In Classification (CF), the jina-base-v2 model, equipped with 137 million parameters, emerges as a leading performer. It records superior scores, outpacing most competing models, underscoring its efficacy in text classification. Conversely, the jina-small-v2 model, equipped with a modest 33 million parameters, trails behind some other models in this task. This underscores the pivotal role model size plays in certain downstream tasks, with more extensive architectures yielding potential benefits.
For the Retrieval (RT) task, jina-small-v2 showcases formidable performance, signaling its adeptness for information retrieval. It ranks amidst top-tier models, indicating its prowess in retrieval-centric tasks. Similarly, jina-base-v2 excels, registering a slightly superior score, reaffirming its formidable retrieval aptitude. Both models underscore their credibility in tasks necessitating adept information retrieval. Given that models all-MiniLM-L6-v2 and all-mpnet-base-v2 omit the second-stage finetuning which jina-small-v2 and jina-base-v2 undergo, it’s foreseeable that our models would excel in these tasks.

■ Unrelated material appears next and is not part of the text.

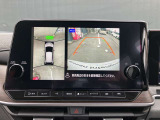 アラウンドビューモニター 駐車場での車庫入れや狭い道路での走行にカメラで確認が出来るので安心です。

In conclusion, both the base and small text embedding models display commendable performance within the MTEB benchmark. Their standout performance, relative to other models in tasks like Classification and Retrieval, suggests model size’s influential role in specific text processing endeavors. Both models reaffirm their potency in retrieval, marking them as pivotal tools for a plethora of natural language processing tasks.
6.2.2 Impact of Maximum Sequence Length
As delineated in Section 6.1, the pre-training generalizes across extended sequence lengths. Consequently, the MLM accuracy for long sequences, spanning up to 8192 tokens, mirrors that of shorter sequences, despite the exclusive training on abbreviated text sequences. During finetuning, our models train solely on texts not exceeding 512 tokens, yet they cater to texts reaching 8192 tokens for the MTEB evaluation detailed in Section 6.2.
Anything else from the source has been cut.